● **DATA**:
*** Block opens ***
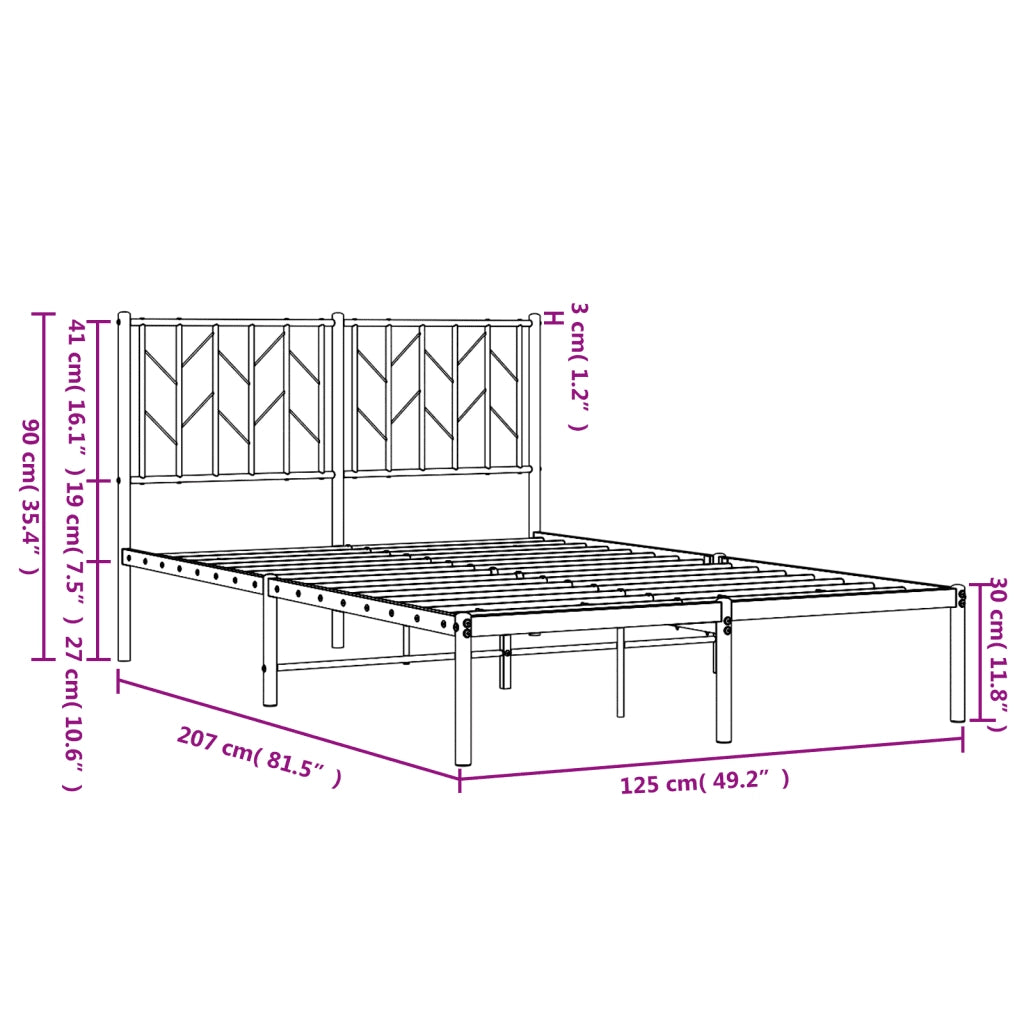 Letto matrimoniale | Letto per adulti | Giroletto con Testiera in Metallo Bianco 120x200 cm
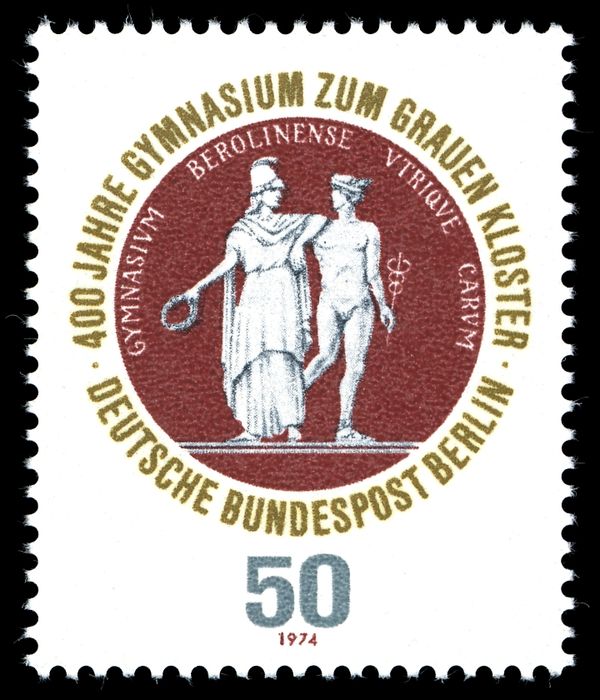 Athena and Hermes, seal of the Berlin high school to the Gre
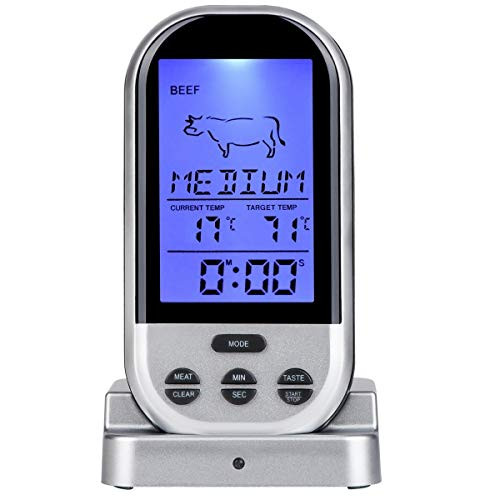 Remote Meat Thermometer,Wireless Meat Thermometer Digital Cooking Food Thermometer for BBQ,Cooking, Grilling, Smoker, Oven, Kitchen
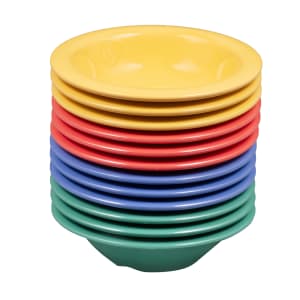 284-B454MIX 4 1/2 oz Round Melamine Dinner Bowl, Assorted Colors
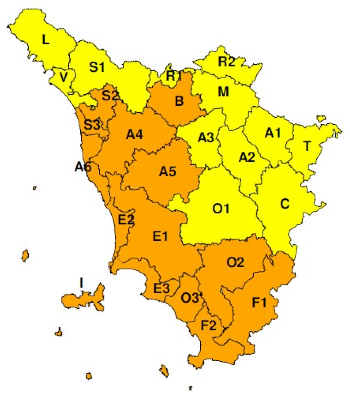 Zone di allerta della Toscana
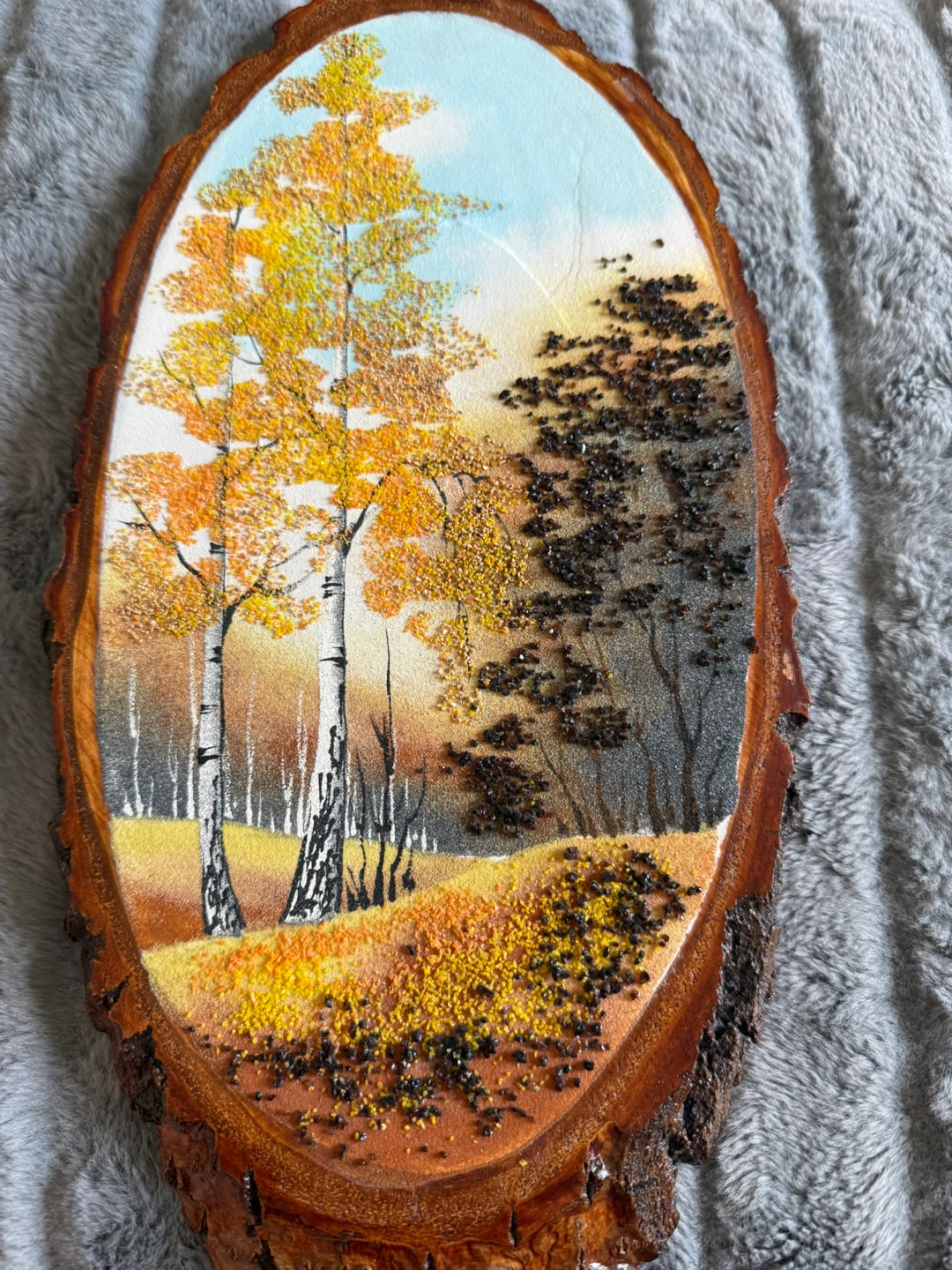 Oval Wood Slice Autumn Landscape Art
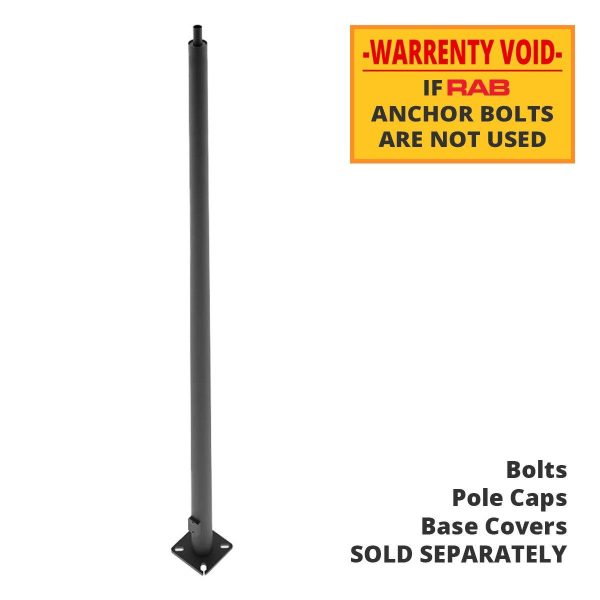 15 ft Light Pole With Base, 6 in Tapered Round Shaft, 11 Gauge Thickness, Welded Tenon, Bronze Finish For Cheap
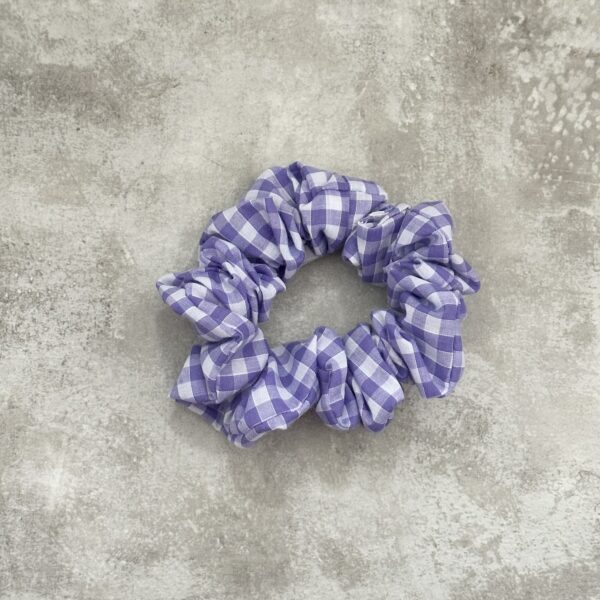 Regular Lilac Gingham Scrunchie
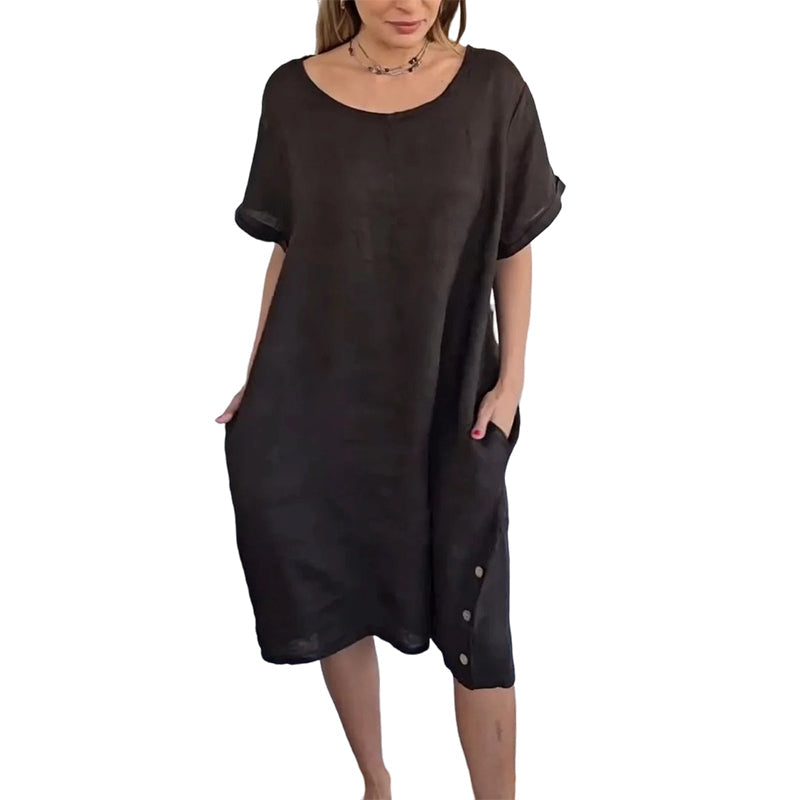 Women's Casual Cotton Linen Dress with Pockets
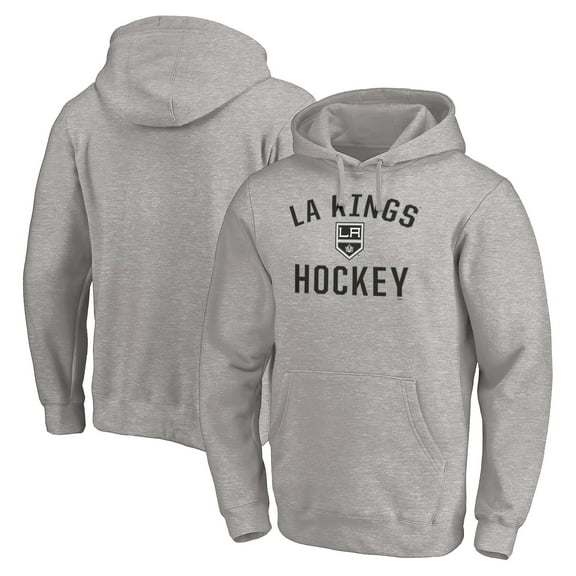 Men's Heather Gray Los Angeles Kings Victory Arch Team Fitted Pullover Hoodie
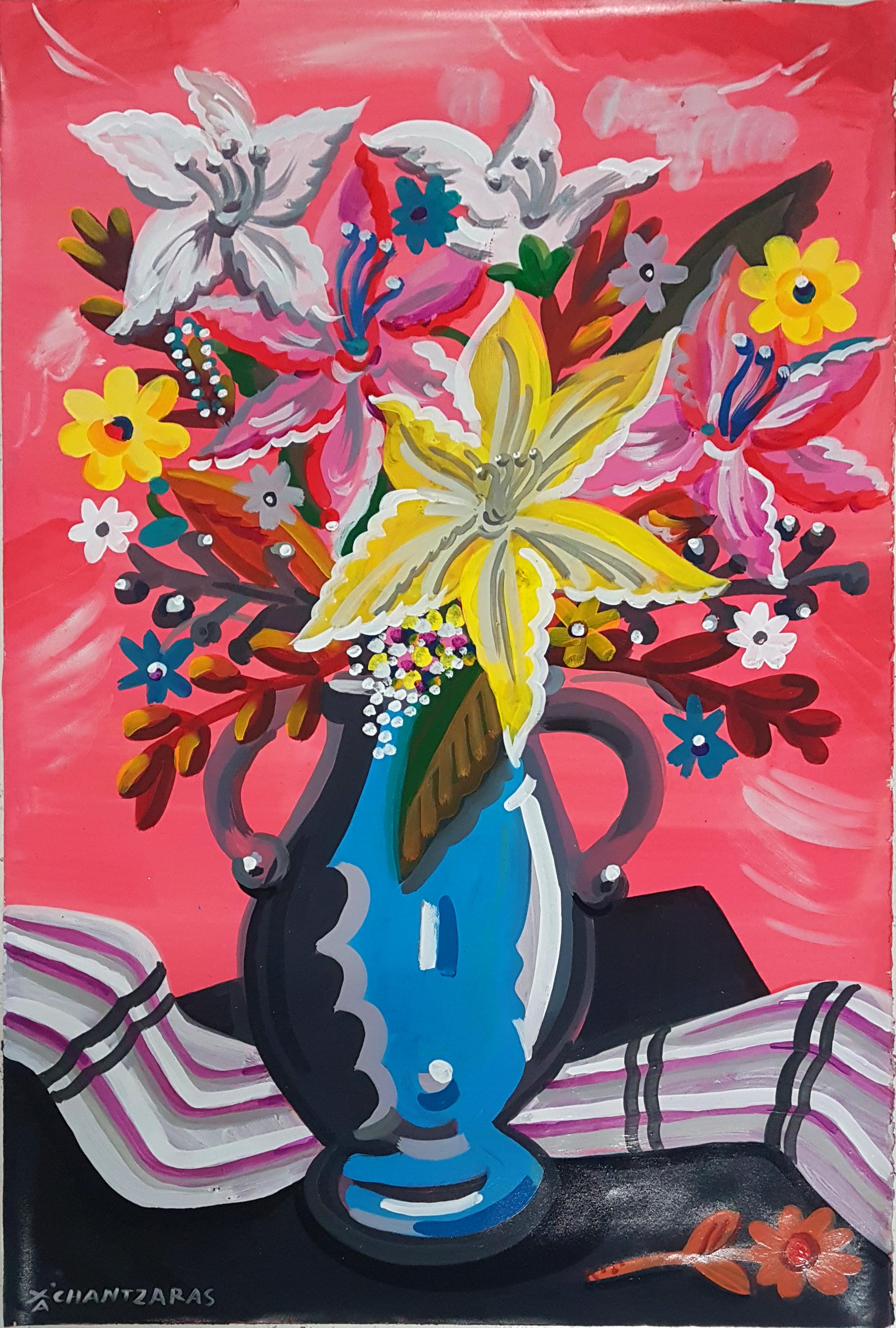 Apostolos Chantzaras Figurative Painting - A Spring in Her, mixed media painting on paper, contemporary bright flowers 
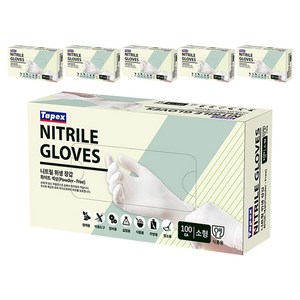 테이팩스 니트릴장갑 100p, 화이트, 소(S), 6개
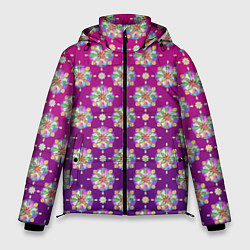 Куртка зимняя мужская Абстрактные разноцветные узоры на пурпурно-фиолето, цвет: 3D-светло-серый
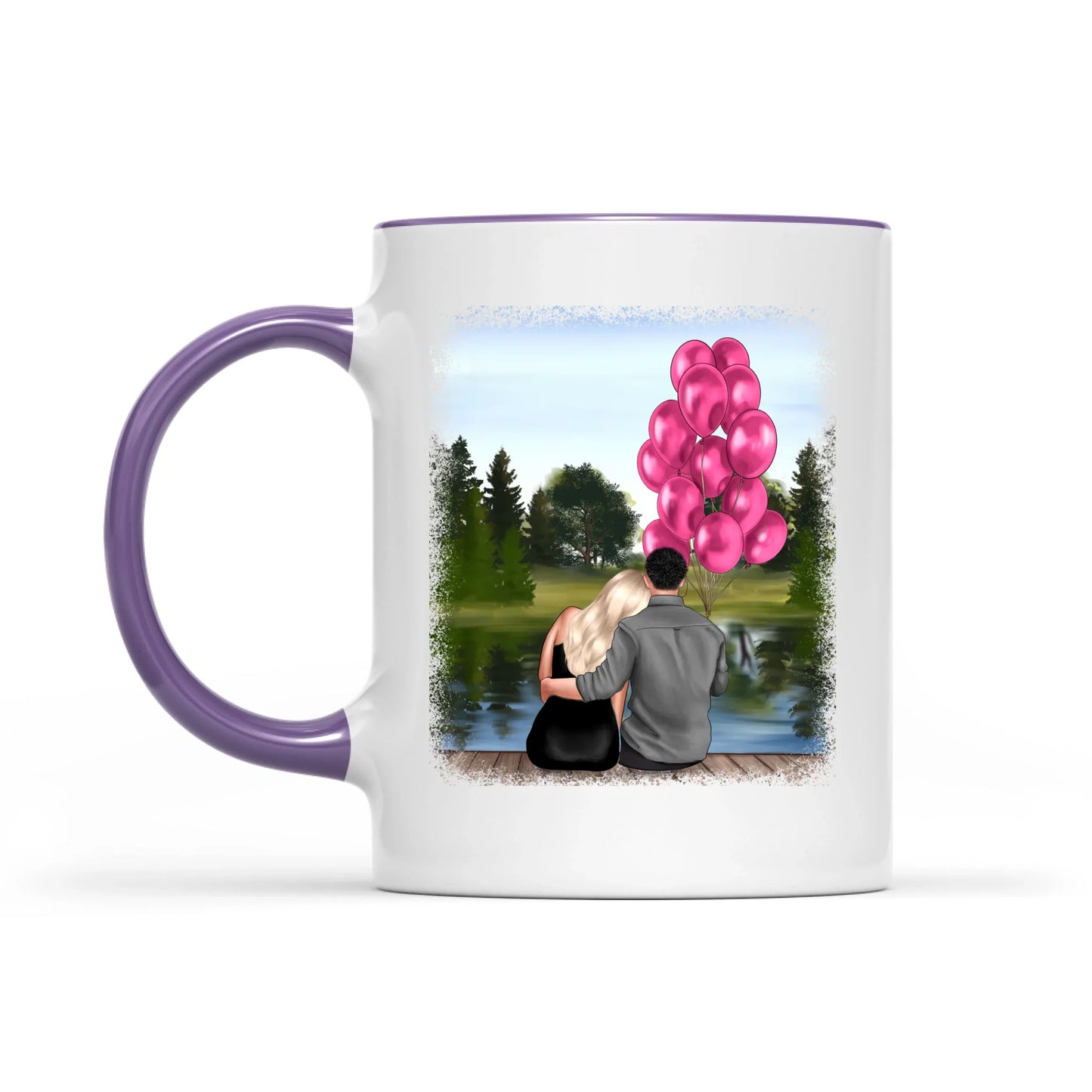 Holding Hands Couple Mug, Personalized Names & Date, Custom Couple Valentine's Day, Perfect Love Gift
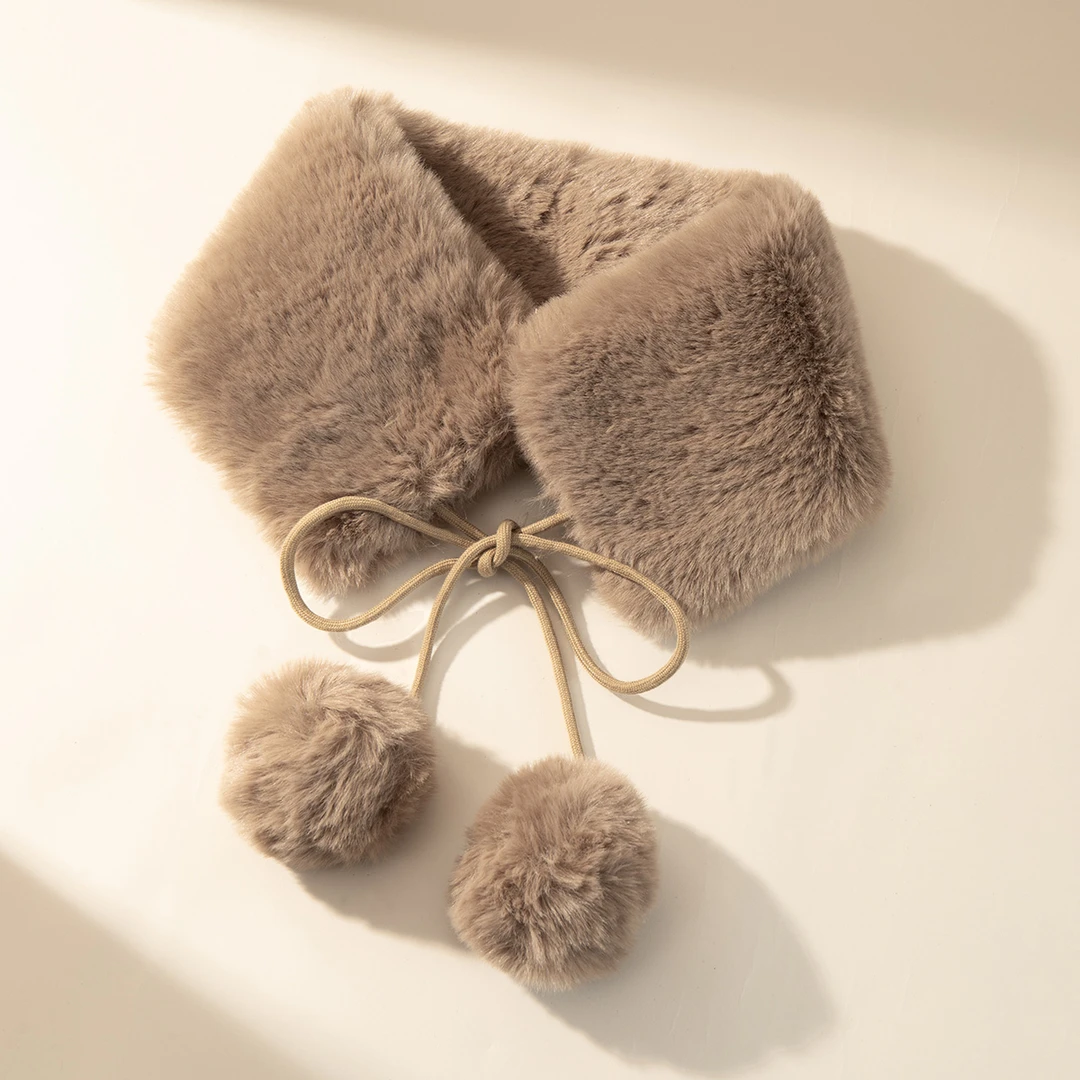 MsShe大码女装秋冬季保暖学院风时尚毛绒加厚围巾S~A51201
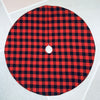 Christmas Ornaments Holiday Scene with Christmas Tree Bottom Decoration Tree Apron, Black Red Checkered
*** Block closes ***
● **WHAT IS REQUIRED**: Please give all of the data again, exact and free of pictures.

● **TASK SOLUTION**:
 Letto matrimoniale | Letto per adulti | Giroletto con Testiera in Metallo Bianco 120x200 cm
 Athena and Hermes, seal of the Berlin high school to the Gre
 Remote Meat Thermometer,Wireless Meat Thermometer Digital Cooking Food Thermometer for BBQ,Cooking, Grilling, Smoker, Oven, Kitchen
 284-B454MIX 4 1/2 oz Round Melamine Dinner Bowl, Assorted Colors
 Zone di allerta della Toscana
 Oval Wood Slice Autumn Landscape Art
 15 ft Light Pole With Base, 6 in Tapered Round Shaft, 11 Gauge Thickness, Welded Tenon, Bronze Finish For Cheap
 Regular Lilac Gingham Scrunchie
 Women's Casual Cotton Linen Dress with Pockets
 Men's Heather Gray Los Angeles Kings Victory Arch Team Fitted Pullover Hoodie
 Apostolos Chantzaras Figurative Painting - A Spring in Her, mixed media painting on paper, contemporary bright flowers 
 테이팩스 니트릴장갑 100p, 화이트, 소(S), 6개
 Куртка зимняя мужская Абстрактные разноцветные узоры на пурпурно-фиолето, цвет: 3D-светло-серый
 Holding Hands Couple Mug, Personalized Names & Date, Custom Couple Valentine's Day, Perfect Love Gift
 MsShe大码女装秋冬季保暖学院风时尚毛绒加厚围巾S~A51201
 Christmas Ornaments Holiday Scene with Christmas Tree Bottom Decoration Tree Apron, Black Red Checkered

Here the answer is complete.